Reliable configuration. The module system checks whether a given combination of modules satisfies all dependencies before compiling or running code. This leads to fewer run-time errors.

Strong encapsulation. Modules explicitly choose what to expose to other modules. Accidental dependencies on internal implementation details are prevented.

Scalable development. Explicit boundaries enable teams to work in parallel while still creating maintainable codebases. Only explicitly exported public types are shared, creating boundaries that are automatically enforced by the module system.

Security. Strong encapsulation is enforced at the deepest layers inside the JVM. This limits the attack surface of the Java runtime. Gaining reflective access to sensitive internal classes is not possible anymore.

Optimization. Because the module system knows which modules belong together, including platform modules, no other code needs to be considered during JVM startup. It also opens up the possibility to create a minimal configuration of modules for distribution.

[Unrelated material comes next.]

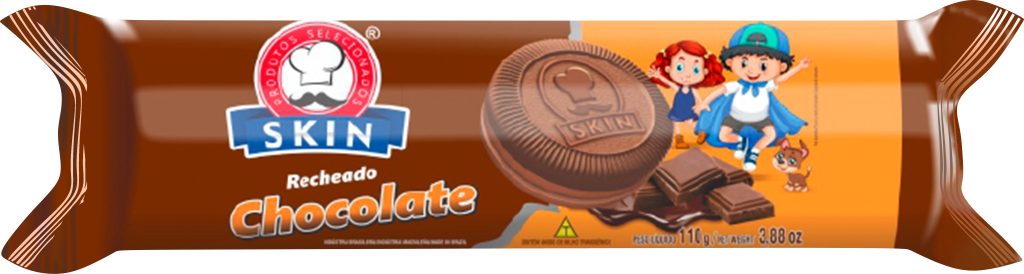 BISC. RECH. SKIN CHOCOLATE 30X110G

Modules and the Modular JDK

Prior to the Java module system, the runtime library of the JDK consisted of a hefty rt.jar, weighing in at more than 60 megabytes. It contains most of the runtime classes for Java: the ultimate monolith of the Java platform.

The Modular JDK

The JDK now consists of about 90 platform modules, instead of a monolithic library. The Java module system does not allow compile-time circular dependencies between modules.

Incubator Modules

All incubator modules have the jdk.incubator prefix. Like a new HttpClient API was shipped in the jdk.incubator.httpclient module.

Module Descriptors

A module has a name, it groups related code and possibly other resources, and is described by a module descriptor. The module descriptor lives in a file called module-info.java.

module java.prefs {
  requires java.xml;

  exports java.util.prefs;

}

• The requires keyword indicates a dependency, in this case on module java.xml
• A single package from the java.prefs module is exported to other modules

Implied Readability

module java.sql {
  requires transitive java.logging;
  requires transitive java.xml;
  exports java.sql;
  exports javax.sql;
  exports javax.transaction.xa;
}

The requires keyword is now followed by the transitive modifier. A normal requires allows a module to access types in exported packages from the required module only. requires transitive means that any module requiring java.sql will now automatically be requiring java.logging and java.xml.

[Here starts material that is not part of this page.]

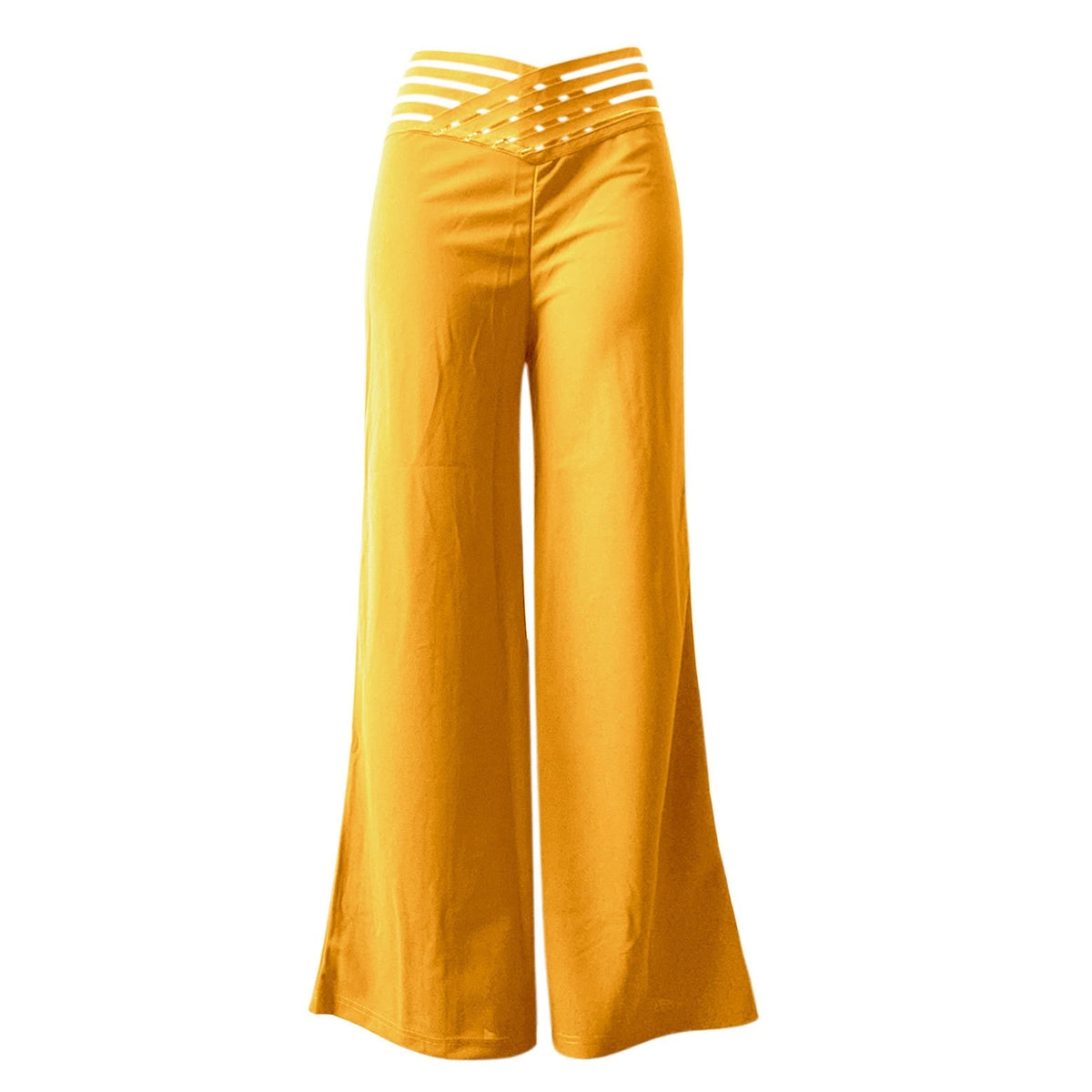 ✨ Pantalon large décontracté à taille haute pour femme, jambe large : facile à porter au quotidien 👖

A nontransitive dependency means the dependency is necessary to support the internal implementation of that module. A transitive dependency means the dependency is necessary to support the API of the module.

Qualified Exports

In some cases, you’ll want to expose a package only to certain other modules. You can do this by using qualified exports in the module descriptor.

module java.xml {
  exports com.sun.xml.internal.stream.writers to java.xml.ws
}

The exported package is accessible only by the modules specified after to. Multiple module names, separated by a comma, can be provided as targets for a qualified export. In general, avoid using qualified exports between modules in an application.

Module Resolution and the Module Path

Modules are resolved from the module path, as opposed to the classpath. Whereas the classpath is a flat list of types (even when using JAR files), the module path contains only modules.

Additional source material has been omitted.